*** Opening of SOURCE INFORMATION ***

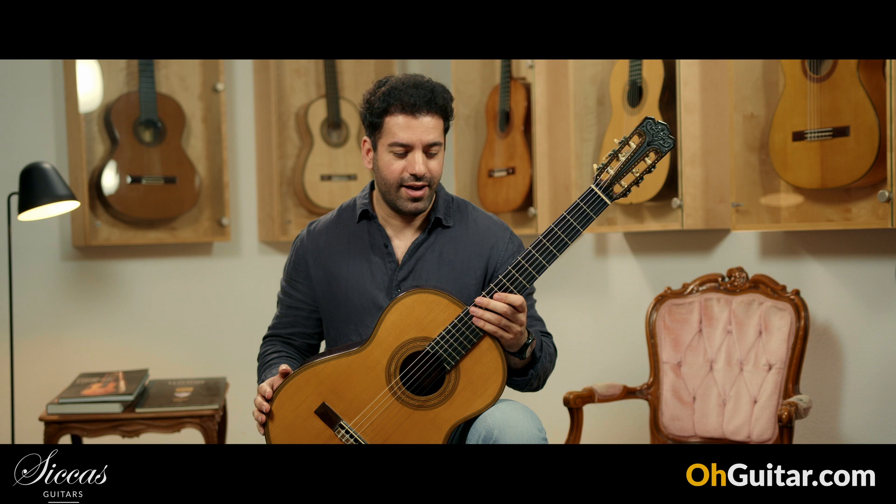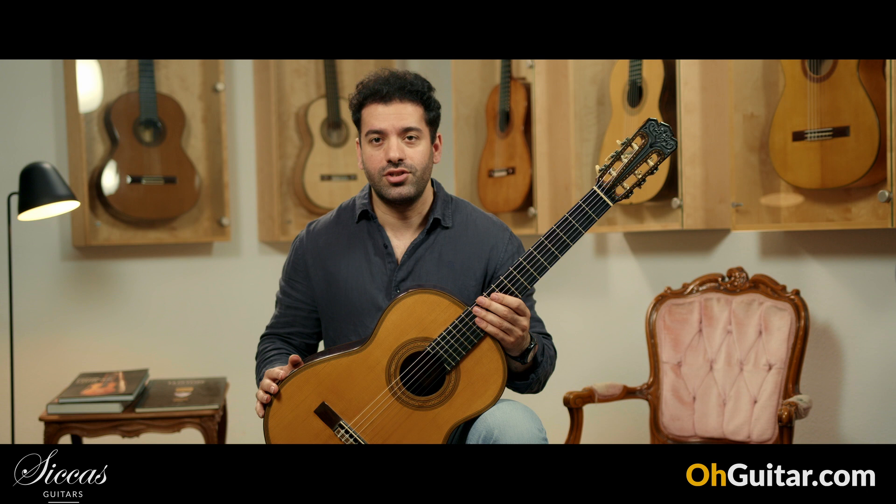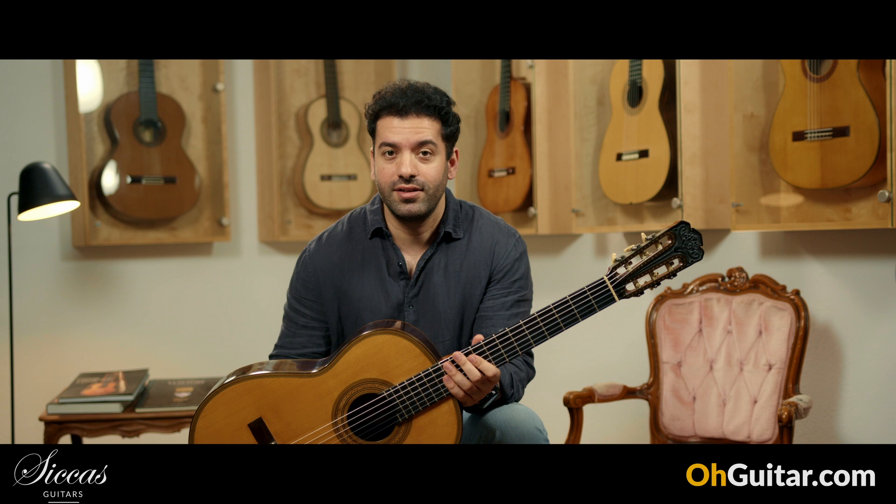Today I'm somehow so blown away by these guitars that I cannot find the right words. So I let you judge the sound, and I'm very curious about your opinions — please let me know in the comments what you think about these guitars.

*** Close of SOURCE INFORMATION ***
*** Opening of SOURCE INFORMATION ***

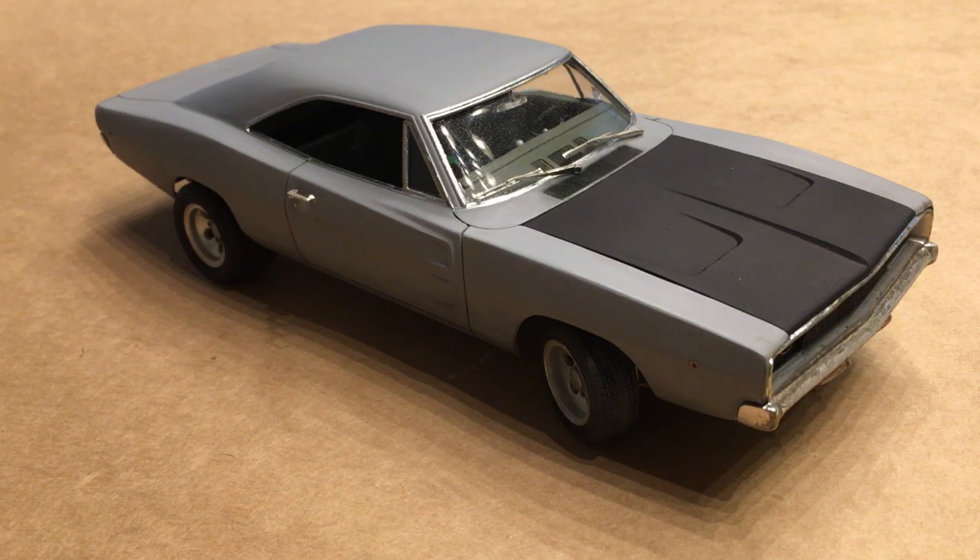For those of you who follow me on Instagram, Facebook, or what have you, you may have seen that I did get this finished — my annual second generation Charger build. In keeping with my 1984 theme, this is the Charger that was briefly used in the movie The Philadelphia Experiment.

*** Close of SOURCE INFORMATION ***
*** Opening of SOURCE INFORMATION ***

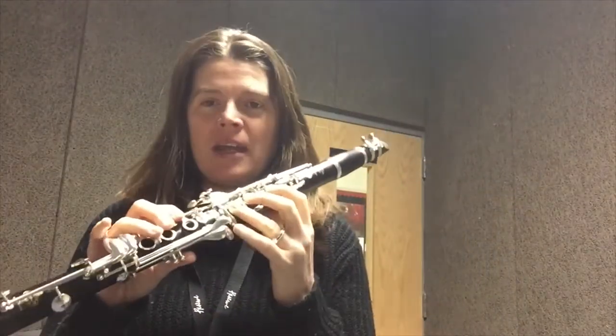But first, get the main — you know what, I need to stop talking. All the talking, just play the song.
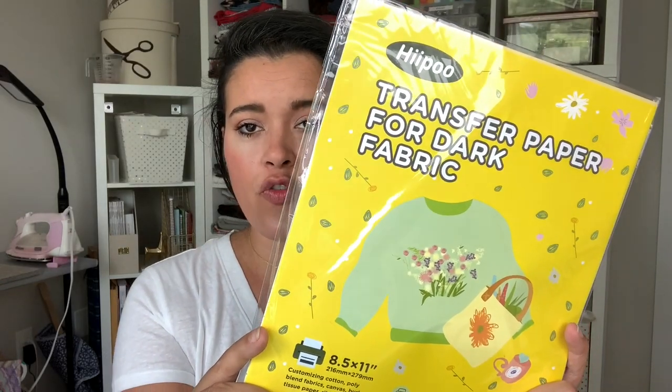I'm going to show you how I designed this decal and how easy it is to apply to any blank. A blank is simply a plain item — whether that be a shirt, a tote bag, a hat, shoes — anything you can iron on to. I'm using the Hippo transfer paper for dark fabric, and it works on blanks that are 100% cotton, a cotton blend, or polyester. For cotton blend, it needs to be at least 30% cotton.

*** Close of SOURCE INFORMATION ***

WHAT THE TASK ASKS: Given the entries above, transcribe exactly the lines from the one holding "But first, get" through the one holding "I'm going to"; pictures do not belong in the transcription.

WRITTEN RESPONSE:
But first, get the main — you know what, I need to stop talking. All the talking, just play the song.
I'm going to show you how I designed this decal and how easy it is to apply to any blank. A blank is simply a plain item — whether that be a shirt, a tote bag, a hat, shoes — anything you can iron on to. I'm using the Hippo transfer paper for dark fabric, and it works on blanks that are 100% cotton, a cotton blend, or polyester. For cotton blend, it needs to be at least 30% cotton.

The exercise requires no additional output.